Le système digestif du cheval est particulièrement sensible aux changements alimentaires brusques, qui peuvent provoquer des déséquilibres de la flore microbienne intestinale et entraîner des coliques, des diarrhées ou des fourbures. Tout changement de ration doit donc être réalisé de manière progressive sur une durée minimale de 10 à 14 jours, en introduisant le nouvel aliment par petites quantités croissantes tout en réduisant simultanément l’aliment précédent.

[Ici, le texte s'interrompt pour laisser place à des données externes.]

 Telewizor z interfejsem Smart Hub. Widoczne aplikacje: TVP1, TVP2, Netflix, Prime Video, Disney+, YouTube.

Cette règle s’applique aussi bien lors d’un passage du foin à l’herbe fraîche au printemps — particulièrement risqué en raison de la richesse en sucres solubles de l’herbe jeune — que lors de l’introduction d’un nouveau type de concentré ou d’un fourrage différent. Il est conseillé de surveiller attentivement les selles, le comportement et l’appétit de l’animal pendant toute la période de transition, et de consulter un vétérinaire dès l’apparition de signes anormaux.

07
La jument gestante a-t-elle des besoins nutritionnels spécifiques ?

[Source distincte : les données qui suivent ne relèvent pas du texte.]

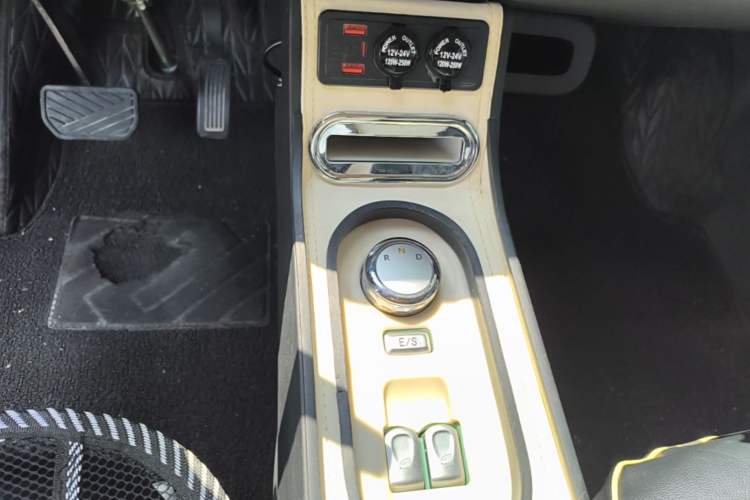 Used CHANGAN NEVO Lumin 2023 205km Xiangqin Version Gear Lever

Oui, la gestation est une période critique qui impose une adaptation progressive de la ration pour soutenir la croissance du poulain in utero et préparer la jument à la lactation. Durant les six premiers mois, les besoins restent proches de ceux d’une jument au repos, mais ils augmentent sensiblement à partir du septième mois, avec une croissance fœtale accélérée qui impose des apports supplémentaires en énergie, protéines (notamment les acides aminés essentiels lysine et thréonine), calcium, phosphore et vitamine E. Durant la lactation, les besoins énergétiques atteignent leur maximum et peuvent doubler par rapport à l’entretien, la production de lait étant extrêmement coûteuse sur le plan métabolique. Une complémentation en vitamines et minéraux spécifiquement formulés pour les poulinières est souvent recommandée, et le suivi par un vétérinaire ou un nutritionniste permet d’ajuster la ration à chaque stade de la gestation et de la lactation.

08
Comment gérer la nutrition d’un cheval atteint de fourbure ou de syndrome métabolique équin ?
La fourbure et le syndrome métabolique équin (SME) sont étroitement liés à une consommation excessive de glucides fermentescibles (fructanes, sucres solubles) et nécessitent une gestion nutritionnelle stricte et rigoureuse. Le principal levier est la réduction drastique des apports en sucres et amidon : il faut éliminer les concentrés riches en céréales, limiter ou supprimer l’accès au pâturage (surtout au printemps et en automne lorsque l’herbe est riche en fructanes), et faire analyser le foin pour vérifier sa teneur en sucres solubles — un trempage du foin pendant 30 à 60 minutes dans l’eau froide peut aider à en réduire la teneur. La ration doit être basée sur un foin pauvre en sucres, complété si nécessaire par des minéraux et vitamines pour éviter les carences induites par ce régime restrictif. Un suivi vétérinaire rapproché est impératif pour évaluer régulièrement l’état des pieds, surveiller les paramètres métaboliques (insulinémie, glycémie) et adapter le plan de soins en conséquence.